If globalization were put to a popular vote in the United States in the current political climate, it would lose, General Electric Co. Chairman and Chief Executive Jeffrey Immelt warned on Friday.

If you put globalization up for a popular vote in the United States, I think it would lose 60/40, he told the India Institute of Technology Alumni 2007 Global Conference, a Silicon Valley event attended by thousands of India's top academic and business elite.

Immelt was responding to a moderator's question on whether the internationalization of the economy was likely to come under attack as the U.S. presidential election cycle heats up.

GE has shifted over the past three decades from one of U.S. industry's biggest manufacturers into a services-focused global conglomerate active in energy, construction, financial services and health care.
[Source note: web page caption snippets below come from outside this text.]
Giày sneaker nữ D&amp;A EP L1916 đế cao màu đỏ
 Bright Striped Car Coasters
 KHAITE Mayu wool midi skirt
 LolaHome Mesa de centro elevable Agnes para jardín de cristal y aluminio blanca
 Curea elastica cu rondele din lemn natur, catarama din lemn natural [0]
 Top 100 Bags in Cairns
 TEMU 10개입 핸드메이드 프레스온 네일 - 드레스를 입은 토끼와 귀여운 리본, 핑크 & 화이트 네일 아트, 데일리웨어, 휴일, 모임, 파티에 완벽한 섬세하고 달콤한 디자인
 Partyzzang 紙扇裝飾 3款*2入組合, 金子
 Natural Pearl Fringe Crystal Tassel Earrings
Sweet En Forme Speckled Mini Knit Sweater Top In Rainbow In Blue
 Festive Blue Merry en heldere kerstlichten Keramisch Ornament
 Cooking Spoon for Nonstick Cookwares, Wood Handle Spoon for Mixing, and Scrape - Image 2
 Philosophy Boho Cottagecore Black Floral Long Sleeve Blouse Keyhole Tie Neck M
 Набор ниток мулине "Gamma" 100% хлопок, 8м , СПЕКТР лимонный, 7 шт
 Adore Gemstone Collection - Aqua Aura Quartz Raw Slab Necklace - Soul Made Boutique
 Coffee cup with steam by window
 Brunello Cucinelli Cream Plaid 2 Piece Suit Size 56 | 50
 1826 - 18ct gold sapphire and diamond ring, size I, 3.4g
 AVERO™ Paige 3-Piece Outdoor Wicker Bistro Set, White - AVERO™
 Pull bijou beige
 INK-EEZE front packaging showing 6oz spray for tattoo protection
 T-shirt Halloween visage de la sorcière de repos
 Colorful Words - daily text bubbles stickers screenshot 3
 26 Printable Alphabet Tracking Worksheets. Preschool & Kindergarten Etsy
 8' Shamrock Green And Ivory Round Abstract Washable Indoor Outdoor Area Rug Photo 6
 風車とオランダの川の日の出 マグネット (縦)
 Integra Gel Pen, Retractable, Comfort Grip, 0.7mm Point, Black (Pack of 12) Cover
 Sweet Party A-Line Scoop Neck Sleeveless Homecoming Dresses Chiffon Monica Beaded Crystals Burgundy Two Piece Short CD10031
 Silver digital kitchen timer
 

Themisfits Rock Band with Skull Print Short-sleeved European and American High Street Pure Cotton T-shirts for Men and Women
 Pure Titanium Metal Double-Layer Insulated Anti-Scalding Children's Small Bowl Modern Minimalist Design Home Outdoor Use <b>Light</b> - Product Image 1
U.S. public acceptance of globalization will depend, the GE leader said, on Indians' and India's ability to figure out the win/win ... to figure out the ways that the whole pie gets bigger and (wealth is) not just taken from one place to another.

The bottom 25 percent of the U.S. economic ladder has suffered from the hollowing out of good-paying manufacturing jobs, he said, while trade deficits mount and middle-class financial jobs don't pay as well as industrial jobs.

INDIA OVER CHINA

Immelt's remarks came at the end of what was largely a corporate recruiting speech to attract top-flight engineers and managers to join GE. But the comments also had a political edge aimed at government officials in the United States and India.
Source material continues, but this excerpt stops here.